When I became a published writer, I had a bit of an identity crisis. Some reviewers referred to me as a writer of 'hard sf'. How could I be, if I couldn't do an Egan and spend half a year working out the physics of my next book? In that case, did that make me a writer of fantasy, or science fantasy at the very least? After all, I had faster than light travel, worm holes, and force fields - all stuff firmly in the realm of fantasy according to those more scientifically literate.
I was therefore enormously relieved to find not one but two thoroughly clear-eyed summaries of the essential spirit of science fiction in the aforementioned anthology in the form of Peter Watts' and Ted Chiang's introductions to their own stories.

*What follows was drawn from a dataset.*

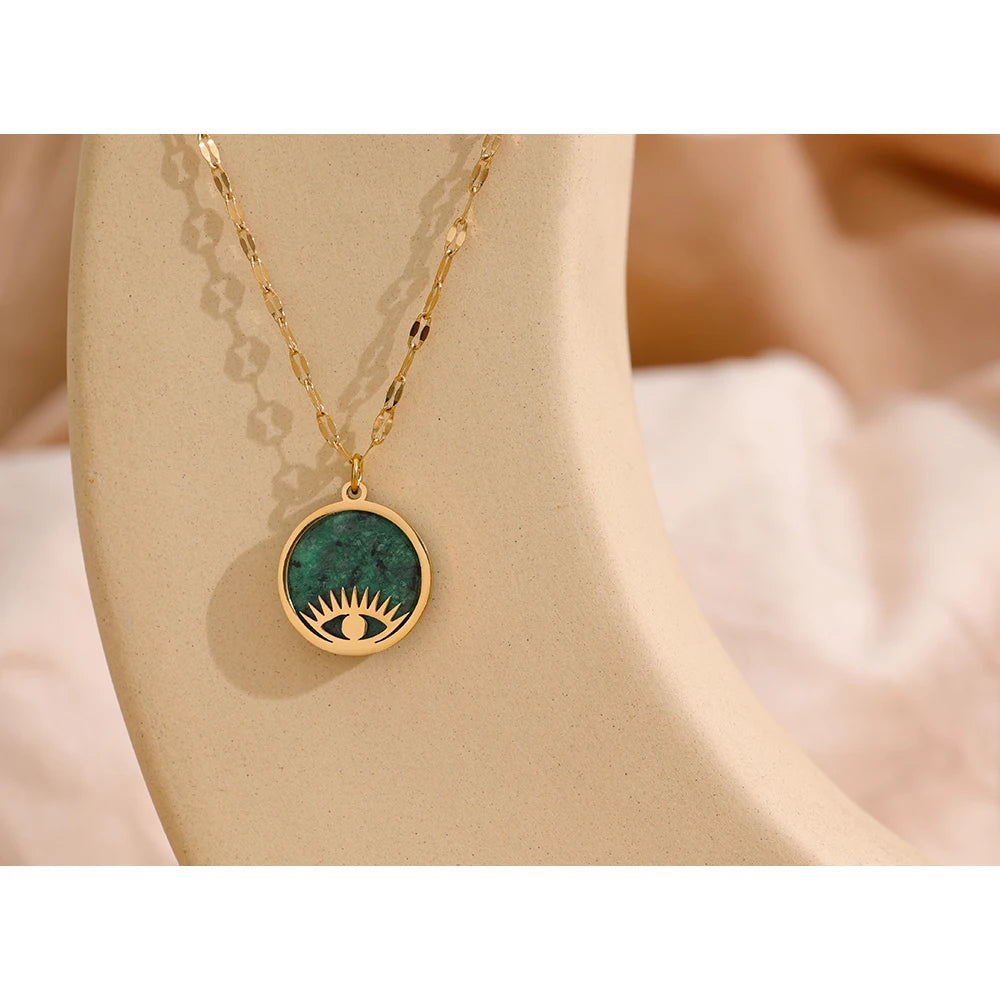 Green Natural Stone Eye Pendant Necklace - YDKM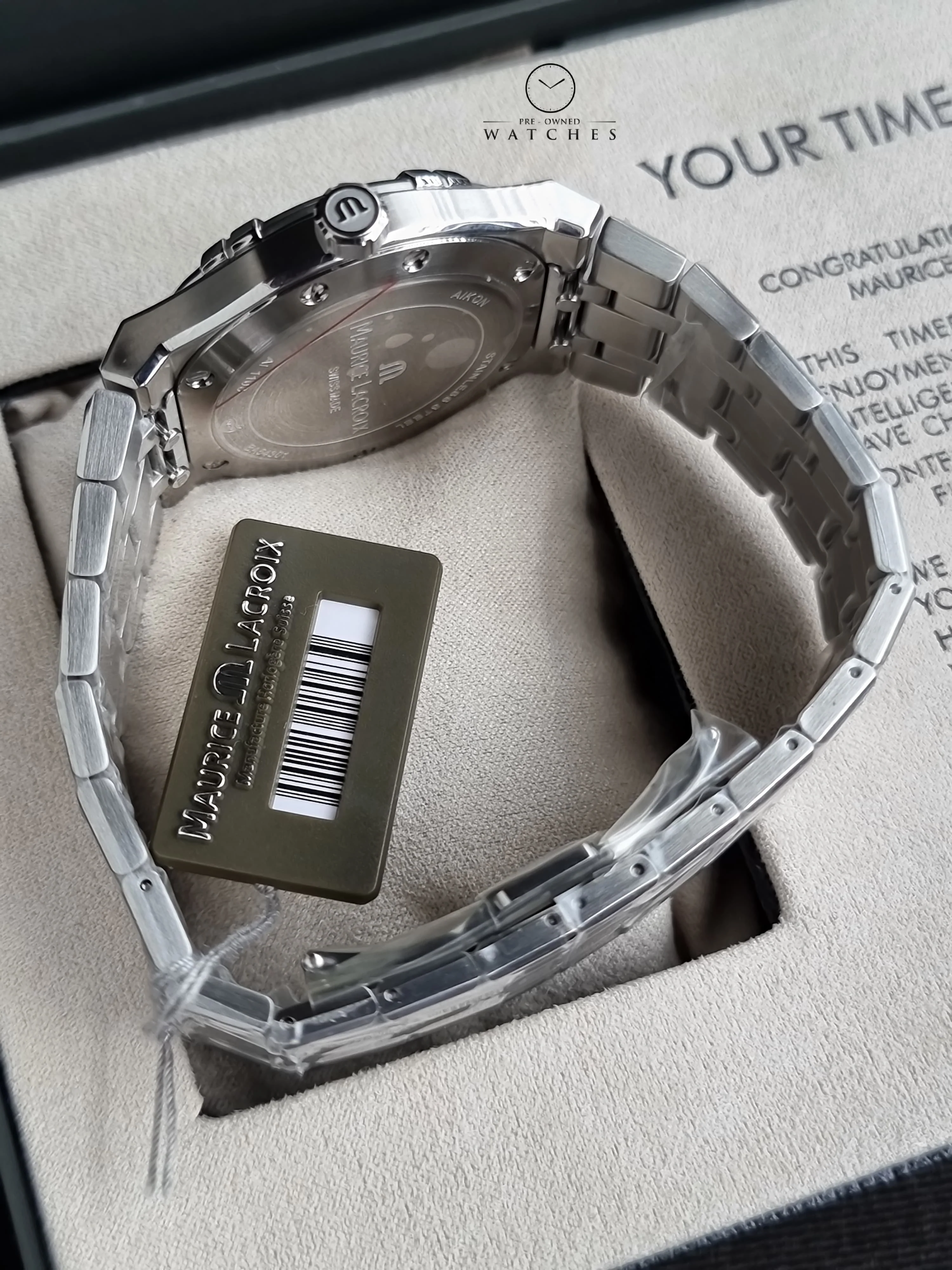 Maurice Lacroix Aikon Silver Stainless Steel Green Dial Quartz Watch for Gents - AI1108-SS002-630-1 - Image 5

From Ted Chiang's introduction to 'Understand':
"SF needn’t have anything to do with science, but to the extent that a work of SF reflects science, it’s hard SF. And reflecting science doesn’t necessarily mean consistency with a certain set of facts; more essentially, it means consistency with a certain strategy for understanding the universe. Science seeks a type of explanation different from those sought by art or religion, an explanation where objective measurement takes precedence over subjective experience. And though hard SF can take many different forms, it always describes people looking for or working with that type of explanation.”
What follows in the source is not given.